Giving access to everyone is smart.

Giving a complete copy -- before public access online is set up ---- to people who cherrypick what they assert isn't, if there's limited time to understand this stuff. It's even more dangerous to give a complete archive to people who may edit it to their own political stance.

The real information isn't just the comments --- it's the published science, and much of that is also still not easily available to the public, Elsevier etc. owns it and charges to read it.

The Tobacco Papers archive is a good model. Put the whole thing online and index it, warts and all.
If something's covered up or misquoted or misattributed by anyone, the whole thing's there to check.

By Hank Roberts (not verified) on 30 May 2007 #permalink

Link:
http://www.library.ucsf.edu/tobacco/tcacoll.html

It's worth considering how much _bigger_ the climate archive will be than the tobacco archive, assuming we have a good outcome. The link above includes the digital set as well as info on the many other archives, with info on how to get access. It's outstanding.

By Hank Roberts (not verified) on 30 May 2007 #permalink

I have to agree with James and William. As a reviewer, the IPCC promised me I'd have access to the comments in the Principles Governing IPCC Work:

"All written expert, and government review comments will be made available to reviewers on request during the review process and will be retained in an open archive in a location determined by the IPCC Secretariat on completion of the Report for a period of at least five years."

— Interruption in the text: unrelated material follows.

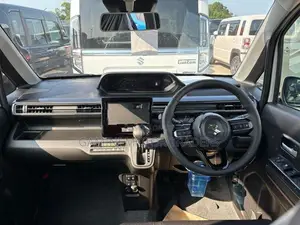 Suzuki Wagon R ZX 4way 2026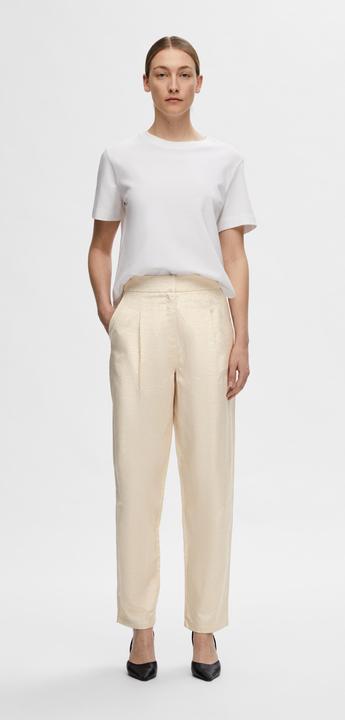 Produktbild Selected High Waist Straight Leg Hose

I'm now tasked with reviewing follow-up documents for IPCC that depend on the assessment reprots and I can't access the review comments made on them. Given that the reviews for WGI, at least, were required to be done on Excel spreadsheets, it's annoying that I should have to go to Harvard or pay someone there a large sum of money for what the IPCC promised would be made available to reviewers upon request.

By Harold Brooks (not verified) on 30 May 2007 #permalink

> retained in an open archive in a location determined by the IPCC Secretariat
> on completion of the Report for a period of at least five years

What is the completion date of the Report? Or do they mean the Secretariat determines the location of the archive 'sometime after' completion of the Report? I know the Report is coming out in pieces, but not the whole schedule. Is the current repository that archive described, or something else before the final decision?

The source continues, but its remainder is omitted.